Starting with the line that contains "New Lululemon Shorts" and stopping after the line that contains "Waters Edge Playground", copy the entries below exactly. Include nothing else.

== Segment start ==

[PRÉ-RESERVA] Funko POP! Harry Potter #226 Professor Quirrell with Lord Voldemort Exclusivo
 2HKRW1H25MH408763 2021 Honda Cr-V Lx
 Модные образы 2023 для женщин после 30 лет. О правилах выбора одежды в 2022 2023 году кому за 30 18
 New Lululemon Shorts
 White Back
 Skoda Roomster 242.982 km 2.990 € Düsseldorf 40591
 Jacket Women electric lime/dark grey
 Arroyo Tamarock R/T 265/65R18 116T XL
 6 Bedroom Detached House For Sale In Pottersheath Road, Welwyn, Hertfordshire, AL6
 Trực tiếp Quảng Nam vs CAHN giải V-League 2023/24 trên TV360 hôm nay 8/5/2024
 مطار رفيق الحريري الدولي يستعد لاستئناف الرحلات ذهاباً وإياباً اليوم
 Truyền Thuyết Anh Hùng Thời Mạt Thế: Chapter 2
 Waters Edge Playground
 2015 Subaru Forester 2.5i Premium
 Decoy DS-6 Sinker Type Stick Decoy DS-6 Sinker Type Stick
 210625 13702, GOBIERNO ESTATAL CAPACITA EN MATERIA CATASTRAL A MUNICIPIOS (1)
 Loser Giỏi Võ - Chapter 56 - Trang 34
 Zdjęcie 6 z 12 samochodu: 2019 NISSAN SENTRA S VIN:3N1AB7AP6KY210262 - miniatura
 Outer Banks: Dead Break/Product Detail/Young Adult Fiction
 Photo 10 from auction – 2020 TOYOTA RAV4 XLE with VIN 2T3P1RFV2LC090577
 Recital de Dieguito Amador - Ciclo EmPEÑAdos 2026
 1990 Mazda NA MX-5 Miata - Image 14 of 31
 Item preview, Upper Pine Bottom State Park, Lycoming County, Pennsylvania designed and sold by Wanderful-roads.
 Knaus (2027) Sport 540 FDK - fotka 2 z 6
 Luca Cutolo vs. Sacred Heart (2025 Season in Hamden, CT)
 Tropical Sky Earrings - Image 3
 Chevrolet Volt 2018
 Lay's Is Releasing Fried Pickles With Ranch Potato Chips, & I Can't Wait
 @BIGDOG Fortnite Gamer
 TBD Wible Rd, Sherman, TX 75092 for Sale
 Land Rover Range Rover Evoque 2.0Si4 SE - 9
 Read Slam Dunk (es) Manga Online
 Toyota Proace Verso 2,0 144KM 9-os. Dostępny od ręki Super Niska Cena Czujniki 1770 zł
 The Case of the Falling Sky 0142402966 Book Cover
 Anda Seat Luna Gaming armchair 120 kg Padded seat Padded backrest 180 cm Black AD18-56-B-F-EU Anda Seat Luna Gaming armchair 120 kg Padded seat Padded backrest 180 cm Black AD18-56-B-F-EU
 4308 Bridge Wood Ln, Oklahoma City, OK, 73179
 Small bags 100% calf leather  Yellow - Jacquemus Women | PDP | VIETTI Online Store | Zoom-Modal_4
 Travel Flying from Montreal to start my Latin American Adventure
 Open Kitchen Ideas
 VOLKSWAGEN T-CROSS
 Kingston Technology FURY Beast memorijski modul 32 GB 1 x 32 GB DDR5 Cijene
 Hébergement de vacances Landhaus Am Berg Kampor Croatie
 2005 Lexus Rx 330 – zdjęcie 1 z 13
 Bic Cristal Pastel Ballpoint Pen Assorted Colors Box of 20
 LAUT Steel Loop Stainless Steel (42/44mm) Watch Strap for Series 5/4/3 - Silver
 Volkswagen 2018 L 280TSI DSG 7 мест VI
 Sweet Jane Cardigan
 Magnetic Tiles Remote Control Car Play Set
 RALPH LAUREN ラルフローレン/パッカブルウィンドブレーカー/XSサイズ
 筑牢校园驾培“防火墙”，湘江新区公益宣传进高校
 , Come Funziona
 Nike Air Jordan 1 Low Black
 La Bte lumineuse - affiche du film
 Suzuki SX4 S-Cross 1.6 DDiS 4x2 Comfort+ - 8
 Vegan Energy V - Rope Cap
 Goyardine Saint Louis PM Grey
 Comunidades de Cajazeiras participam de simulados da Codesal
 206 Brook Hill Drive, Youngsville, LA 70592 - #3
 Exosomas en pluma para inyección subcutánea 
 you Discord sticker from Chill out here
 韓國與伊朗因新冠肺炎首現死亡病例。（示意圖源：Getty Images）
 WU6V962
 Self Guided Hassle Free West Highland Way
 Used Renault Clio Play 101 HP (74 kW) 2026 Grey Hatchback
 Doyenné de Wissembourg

== Segment end ==

Task answer
 New Lululemon Shorts
 White Back
 Skoda Roomster 242.982 km 2.990 € Düsseldorf 40591
 Jacket Women electric lime/dark grey
 Arroyo Tamarock R/T 265/65R18 116T XL
 6 Bedroom Detached House For Sale In Pottersheath Road, Welwyn, Hertfordshire, AL6
 Trực tiếp Quảng Nam vs CAHN giải V-League 2023/24 trên TV360 hôm nay 8/5/2024
 مطار رفيق الحريري الدولي يستعد لاستئناف الرحلات ذهاباً وإياباً اليوم
 Truyền Thuyết Anh Hùng Thời Mạt Thế: Chapter 2
 Waters Edge Playground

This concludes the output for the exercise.